(Items from a dataset)
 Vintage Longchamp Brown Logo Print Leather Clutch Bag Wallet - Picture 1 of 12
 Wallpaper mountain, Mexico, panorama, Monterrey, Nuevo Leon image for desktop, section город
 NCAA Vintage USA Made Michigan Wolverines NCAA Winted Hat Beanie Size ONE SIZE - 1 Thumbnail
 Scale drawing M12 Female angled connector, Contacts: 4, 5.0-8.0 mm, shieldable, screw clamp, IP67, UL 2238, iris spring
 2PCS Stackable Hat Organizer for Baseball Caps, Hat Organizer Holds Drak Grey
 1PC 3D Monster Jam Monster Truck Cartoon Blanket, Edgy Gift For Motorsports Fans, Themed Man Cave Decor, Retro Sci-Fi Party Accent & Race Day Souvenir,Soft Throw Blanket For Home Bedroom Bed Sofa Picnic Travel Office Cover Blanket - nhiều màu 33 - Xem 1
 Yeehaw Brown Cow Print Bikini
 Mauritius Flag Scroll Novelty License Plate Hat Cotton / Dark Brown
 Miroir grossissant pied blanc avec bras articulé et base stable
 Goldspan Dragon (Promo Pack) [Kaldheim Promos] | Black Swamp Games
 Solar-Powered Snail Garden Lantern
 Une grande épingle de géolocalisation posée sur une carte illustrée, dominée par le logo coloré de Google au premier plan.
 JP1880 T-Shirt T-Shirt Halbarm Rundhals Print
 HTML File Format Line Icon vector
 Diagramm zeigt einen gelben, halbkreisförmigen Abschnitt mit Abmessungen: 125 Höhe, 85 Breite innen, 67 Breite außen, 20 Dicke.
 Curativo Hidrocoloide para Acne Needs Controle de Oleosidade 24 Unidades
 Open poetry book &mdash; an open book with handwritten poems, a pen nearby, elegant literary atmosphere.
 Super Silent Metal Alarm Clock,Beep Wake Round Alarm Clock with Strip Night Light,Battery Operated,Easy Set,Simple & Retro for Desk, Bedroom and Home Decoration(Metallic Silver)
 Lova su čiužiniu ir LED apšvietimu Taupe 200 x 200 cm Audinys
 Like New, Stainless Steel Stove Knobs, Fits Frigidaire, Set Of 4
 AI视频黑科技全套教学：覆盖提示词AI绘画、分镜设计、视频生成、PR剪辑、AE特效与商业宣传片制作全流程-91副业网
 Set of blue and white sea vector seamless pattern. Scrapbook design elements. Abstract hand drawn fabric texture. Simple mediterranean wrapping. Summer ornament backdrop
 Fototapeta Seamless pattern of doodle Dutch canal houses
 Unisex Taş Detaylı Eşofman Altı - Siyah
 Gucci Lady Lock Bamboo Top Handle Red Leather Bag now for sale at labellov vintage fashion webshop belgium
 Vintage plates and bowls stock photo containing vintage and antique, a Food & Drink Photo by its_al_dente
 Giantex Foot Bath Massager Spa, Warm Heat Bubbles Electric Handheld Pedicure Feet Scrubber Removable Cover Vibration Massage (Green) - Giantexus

◆ **What you are asked to do**: Copy all lines above where "Leather" is present.

◆ **Completed task**:
 Vintage Longchamp Brown Logo Print Leather Clutch Bag Wallet - Picture 1 of 12
 Gucci Lady Lock Bamboo Top Handle Red Leather Bag now for sale at labellov vintage fashion webshop belgium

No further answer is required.